Type systems are guardrails, not a correctness guarantee. TypeScript reducing errors is real. But passing the type checker doesn’t mean your business logic is right. I’ve seen TypeScript codebases that compile perfectly and behave incorrectly. Don’t let the green checkmark become a substitute for thinking.
Higher throughput means drift accumulates faster. If your team is shipping 25-30% more code than before because of AI assistance, that’s genuinely great. It also means your architectural decisions spread across the codebase faster. Senior engineering review doesn’t become less important when velocity increases. It becomes more important.
Make your decisions legible to AI. Architecture Decision Records, detailed READMEs, structured comments. These aren’t just good practice for human onboarding anymore. They’re context that AI tools use to generate code that aligns with your intent. If your design principles exist only in someone’s head, AI has no way to respect them.
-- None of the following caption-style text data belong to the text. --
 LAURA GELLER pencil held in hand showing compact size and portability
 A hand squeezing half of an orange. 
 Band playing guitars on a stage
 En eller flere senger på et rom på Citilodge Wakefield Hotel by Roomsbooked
The Broader Shift Happening Across Open Source
The open source ecosystem is sensitive to these kinds of behavioral shifts in ways that proprietary software isn’t. When developers choose what to contribute to, what to build libraries for, what frameworks to maintain, those choices accumulate into the infrastructure everyone else builds on.
If AI compatibility is becoming a selection pressure for which technologies developers choose, then it’s also becoming a selection pressure for which open source projects grow and which ones stagnate. A framework that doesn’t play well with AI tooling is going to see slower contribution rates, not because developers consciously boycott it, but because working on it feels like fighting an uphill battle compared to alternatives.
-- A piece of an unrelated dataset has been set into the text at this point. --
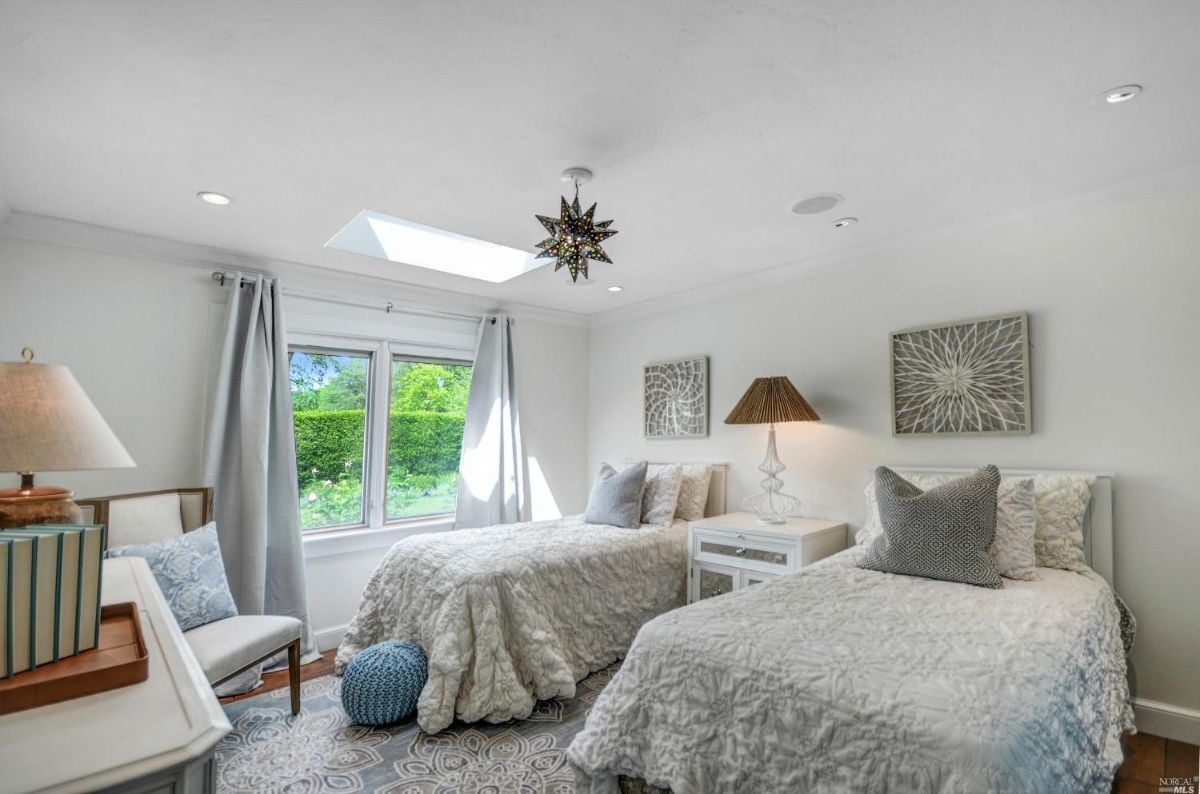 Bedroom with two beds and a ceiling fan.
This is worth paying attention to if you maintain an open source project. How well does your API surface, your type system, your documentation structure support AI-assisted development? That’s becoming a real dimension of project health.
The Awareness Gap
Most of the technology decisions I’ve seen made in the past year have AI compatibility baked in implicitly. The team picks TypeScript over plain JavaScript and half the reason is “the tooling feels better.” Nobody says “our AI code generation works better with strong types.” They just feel the difference and make the call.
There’s nothing wrong with that. But there’s a difference between making a choice because of unconscious friction avoidance and making it with full awareness of what’s driving the preference.
Think about the last three technology choices you made. How much of it was driven by how smooth the experience felt with your AI tools versus deliberate evaluation of the tradeoff? If you can’t answer that cleanly, the tools might be making more of the decision than you are.
The convenience loop is real, it works, and it’s encoding preferences across the entire developer ecosystem right now. The question isn’t whether to use AI tools or fight the loop. The question is whether you’re aware enough of the loop to steer it toward choices you’d actually endorse on reflection.
Technology decisions have always been path dependent. AI is just making the paths form faster than we’re used to.